Page 1 of 1

The Internet Archive has recently set up

Posted: Thu Jul 10, 2025 5:16 am
by Nayon1
Also, how we use books and periodicals, in the decades after they are published, change from how they were originally intended. We are seeing researchers use books and periodicals in machine learning investigations to find trends that were never easy in a one-by-one world, or in the silos of the publisher databases. Preparing these books for this type of analysis is time consuming and now threatened by publisher’s lawsuits.

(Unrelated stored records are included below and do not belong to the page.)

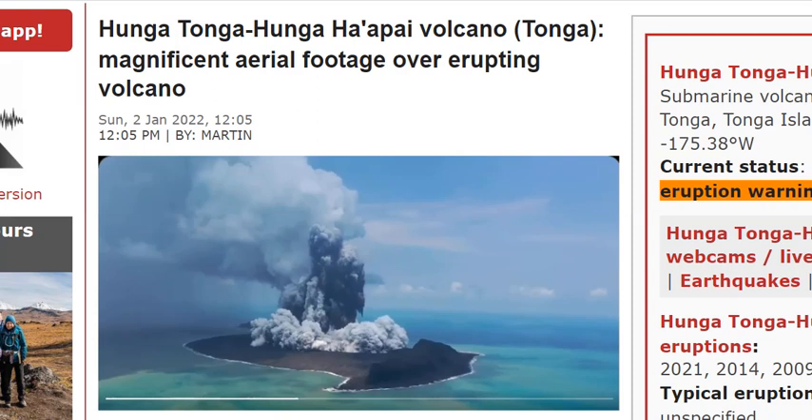Good morning, folks. It's Diamond with the Oppenheimer Ranch Project, Magnetic Reversal News, and Shinrin Yoku, bringing you a Hunga Tonga, Hunga Haipei Volcano in Tonga update.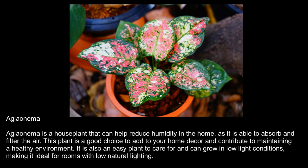Alaonema. Alaonema is a houseplant that can help reduce humidity in the home, as it is able to absorb and filter the air. This plant is a good choice to add to your home decor and contribute to maintaining a healthy environment. It is also an easy plant to care for and can grow in low-light conditions, making it ideal for rooms with low natural lighting.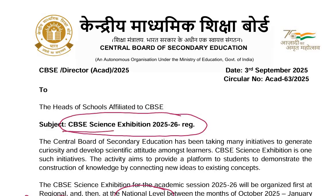All schools are requested to participate in CBSE Science Exhibition 2025-26. That's all from this video. Thank you very much.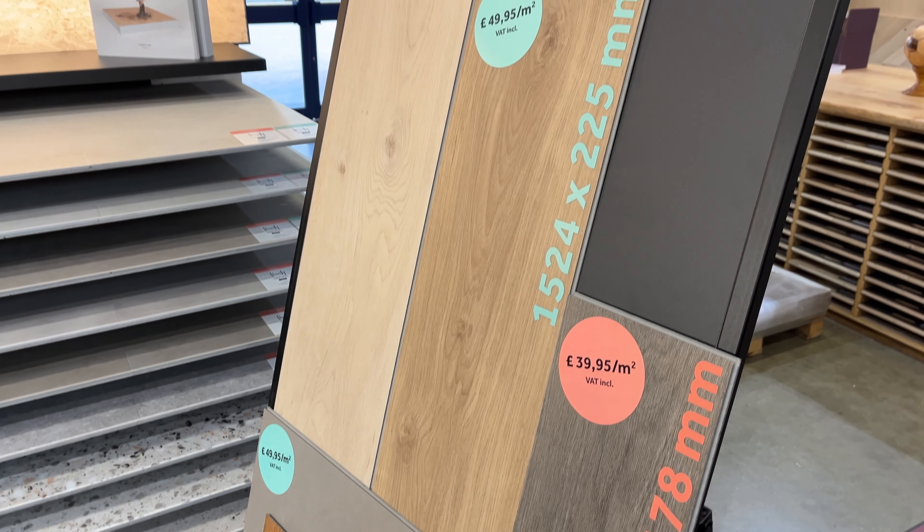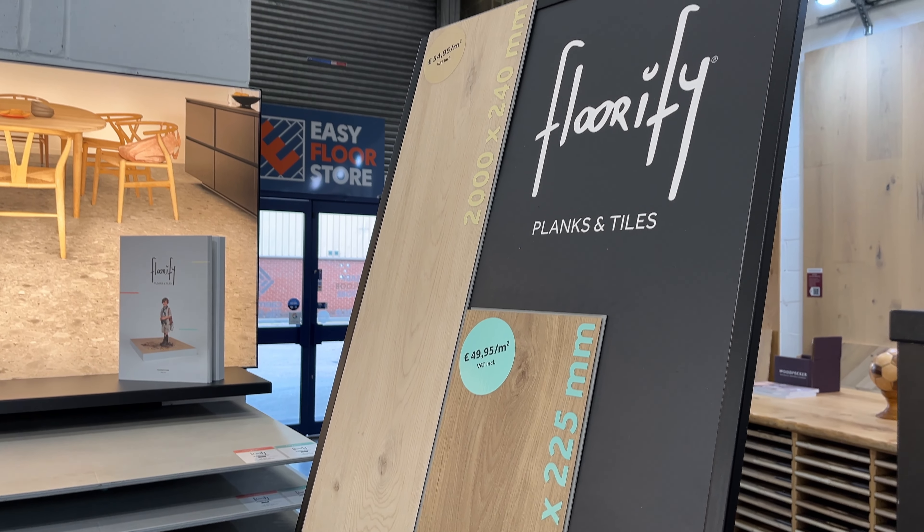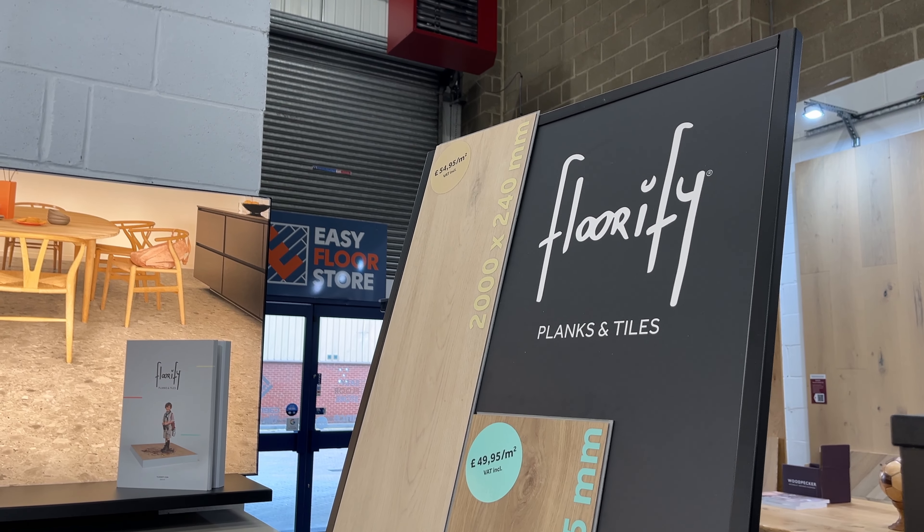Hi, my name is Alex from Easy Floor Store. Sometimes when clients come to the store and say I'm looking for a floor — I have a family, I have two or three children and pets — what would you recommend? So my first point of recommendation typically would be a man-made, good quality either laminate or an LVT.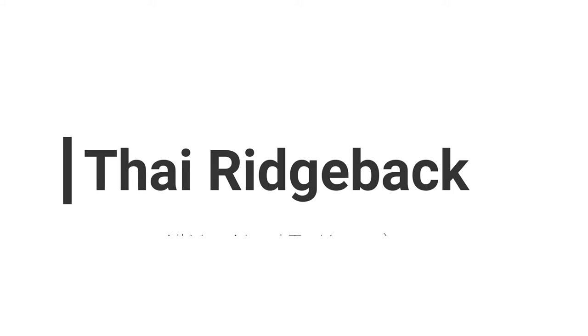Hi guys and welcome to another episode of Kingdom Pets channel. Today we'll be looking at the Thai Ridgeback and interesting facts about these amazing breeds.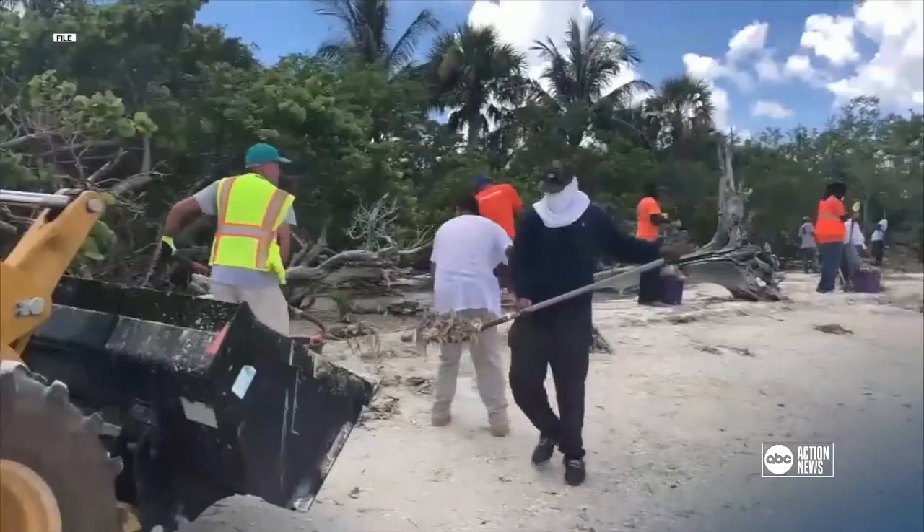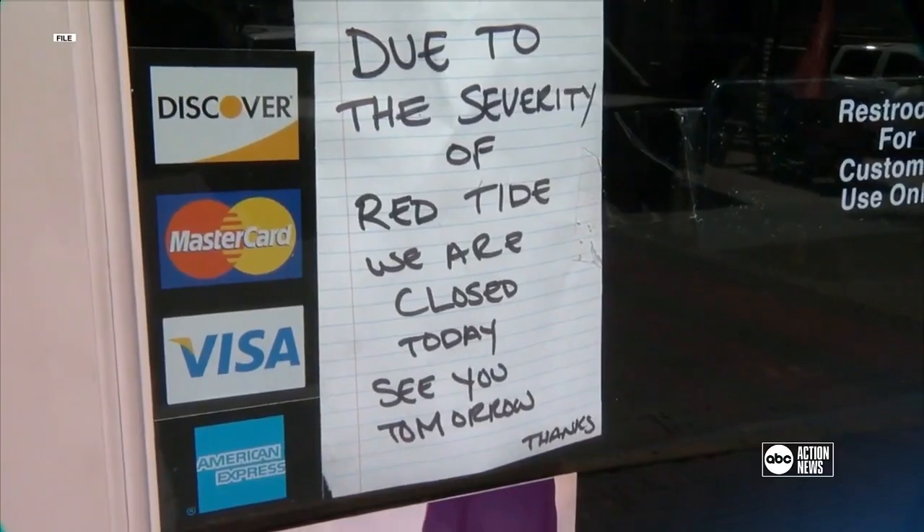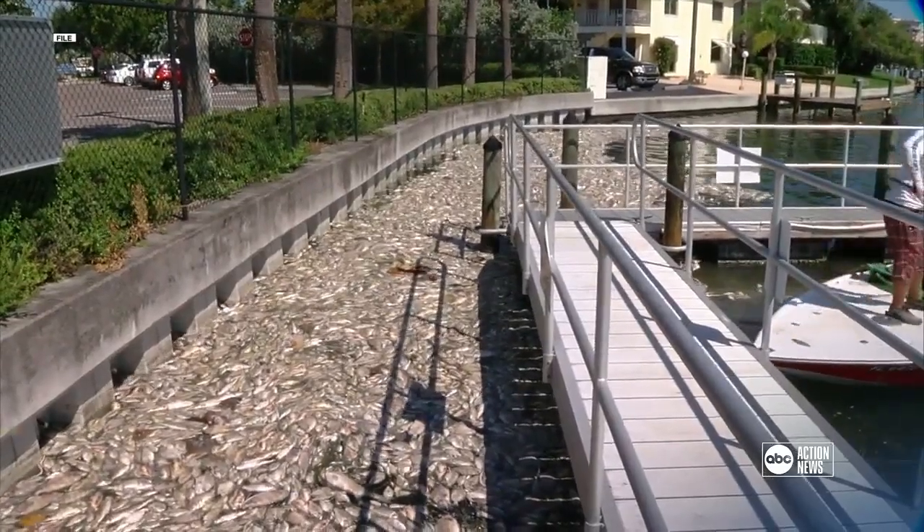Red tide kills marine life, causes respiratory issues for people near the beach, and impacts businesses associated with tourism and fishing. In 2021, Florida saw a significant red tide bloom.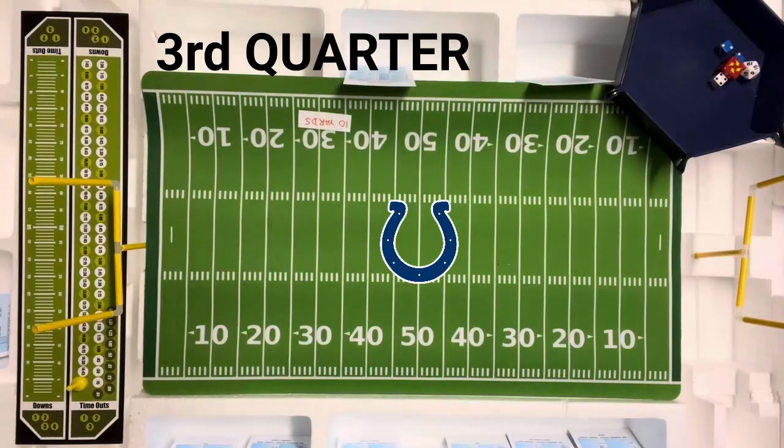We're back for the second half of this football game between the 1985 Rams and the 1972 Baltimore Colts. Currently the Rams have a 13-7 lead. The Colts kicked off to the Rams in the first half, so they will receive the second half kickoff. We'll get right on with that.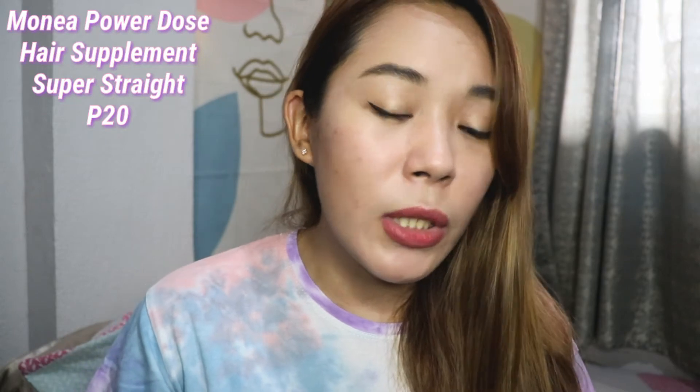The second-to-last item is also from Monea Salon Professional — the Power Dose Super Straight Hair Supplement, which works like a hair treatment. I buy it per sachet at 20 pesos each. I bought it from Watson's online last month and tried it after my color retouch — it worked well and I liked the effect on my hair. I plan to use it at least twice a month.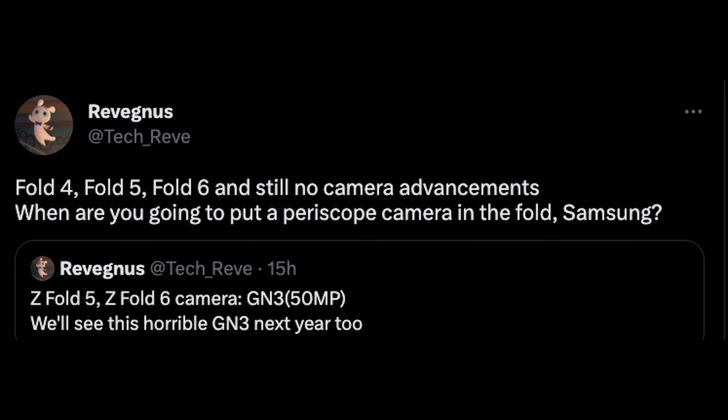Next up is about the Galaxy Z Fold 4, 5, and 6. This is rumors — this could totally change. I want to bring this up because it raises questions about the future of the cameras on the Galaxy Z Fold 5 and 6. And I want to warn you that this could be wrong, but if it's right, it's not very exciting when it comes to the cameras. The information's coming from Ravengas, who's saying that the Fold 4, 5, and 6 still have no camera advancements.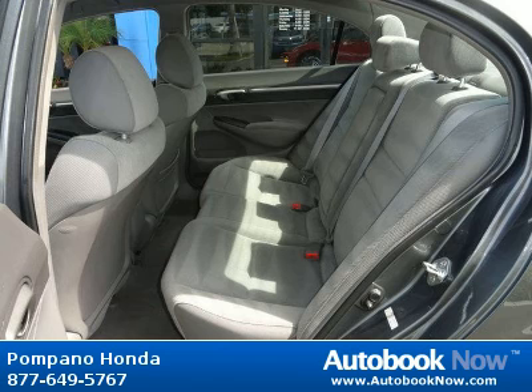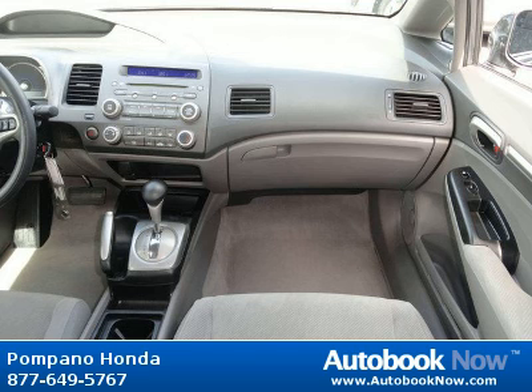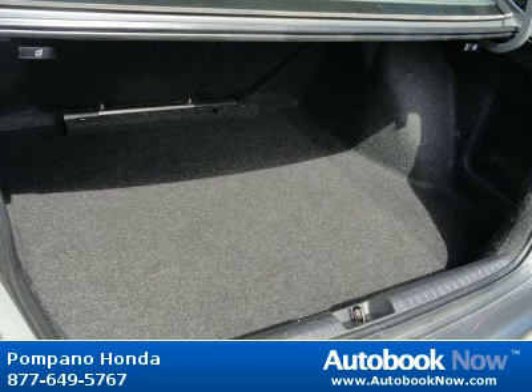Features include active head restraints, child safety rear door locks, dual stage dual threshold front airbags, and much more. Visit autobooknow.com for more details.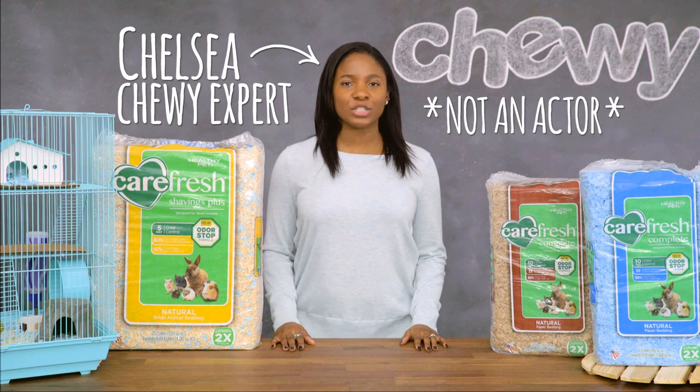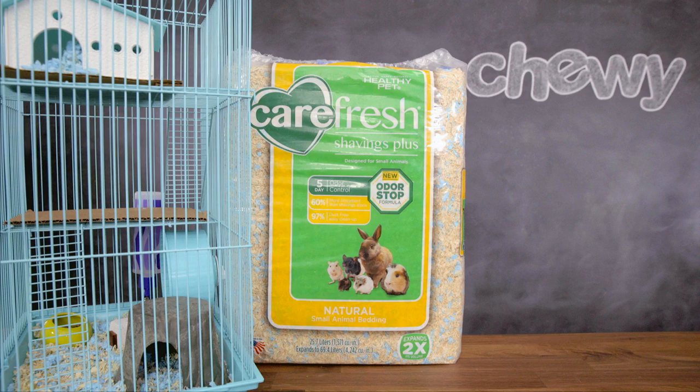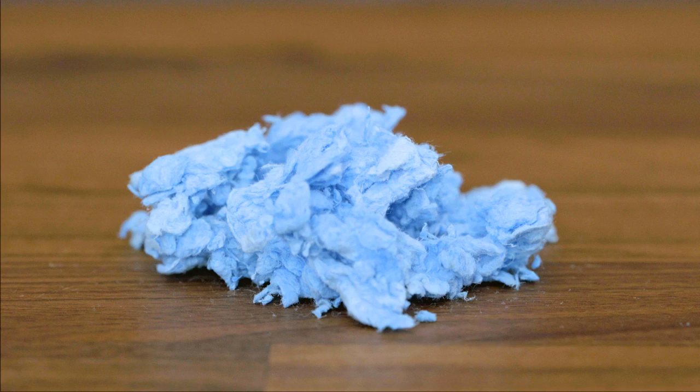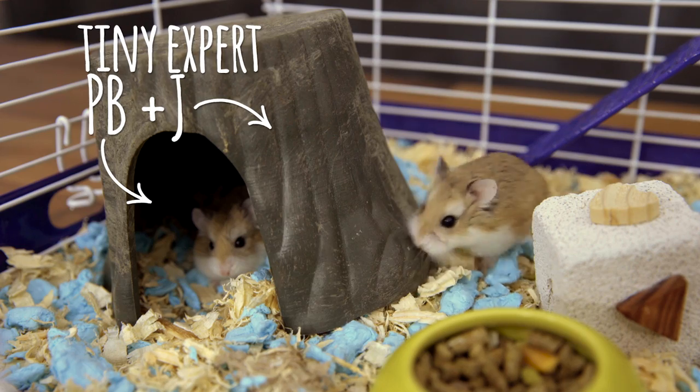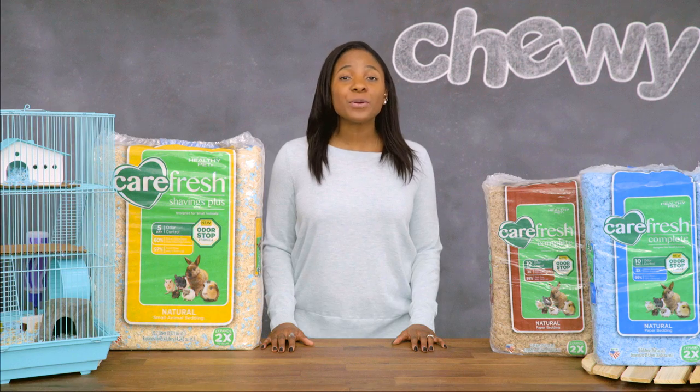Hi pet parents, I'm Chelsea from Chewy, and I'm here to help you make a cozy cage for your small pet with Carefresh bedding. Carefresh bedding is made from natural reclaimed paper fiber, and it's three times more absorbent than traditional wood shavings. So it's better for your pet, the environment, and your home.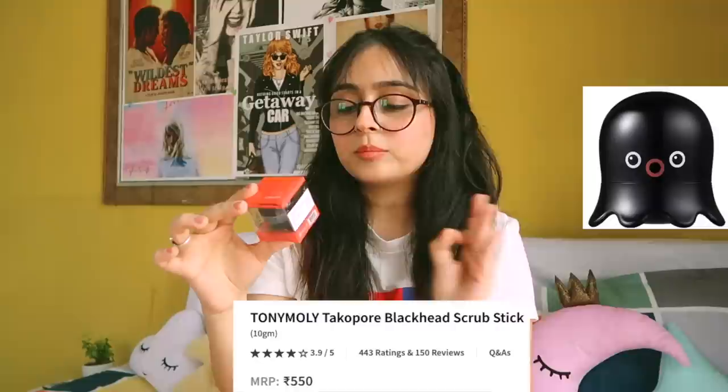Next thing I bought is this magical little buddy — it's Tony Moly's Taco Pore Blackhead Scrub Stick. It's this tiny octopus thing with really cute packaging. It's basically a rubbing stick for your blackheads. You just rub it around your blackheads and they are somehow gone. I used it the day it came and I was literally shook — it seems like it's just some balm kind of thing, but it actually sucks out all your pores. I even tried to read the package but it's all in Korean. It's about 550 rupees and I think it's totally worth it.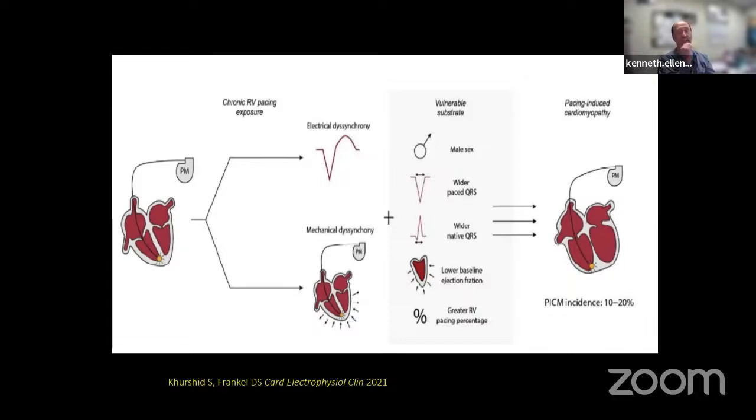When someone comes in with a paced QRS of 210-220 milliseconds, I'm pretty sure they're going to have pacing-induced cardiomyopathy. Additional risk factors include wider baseline QRS, lower ejection fraction, and greater RV pacing percentage. The more you pace, the lower your EF, and the wider the QRS with pacing—the more susceptible you are to developing pacing-induced cardiomyopathy.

If we want future access to our digital heritage we need to make some structural changes: changes to institution and publisher behaviors as well as supportive funding, laws, and enforcement.

The first step is to recognize preservation and access to our digital heritage is a big job and one worth doing. Then, find ways that institutions– educational, government, non-profit, and philanthropic– could make preservation a part of our daily responsibility.

its own Mastodon server– a federated/decentralized open source social media accurate cleaned numbers list from frist database package– that has garnered lots of attention lately.


Why? We need a game with many winners, not just a few powerful players.

Through our dweb work, the Internet Archive has catalyzed decentralized web technologies through conferences, summits, meet-ups and camps for 6 years. We need new tech to help with privacy, robustness, and work around issues of disinformation and corporate consolidation. Mastodon is built on open standards so others can build alternative clients and integrate it into other systems.

Looking forward to many social media alternatives: Blue Sky, Matrix, and many others.

Personally, I want to see the evolution and combination of features of Slack, Twitter, SMS, Signal, email, Discord, Facebook, IRC, zoom, google meet, and other ways we communicate. While we are at it, how about a more integrated environment of zendesk, jira, wordpress, and google docs. Free and open technologies that invite interoperability while communities maintain control would be ideal. And in my day-to-day I would love fewer systems to monitor that also limit my direct exposure to celebrities, influencers, and politicians. Oh, I can dream…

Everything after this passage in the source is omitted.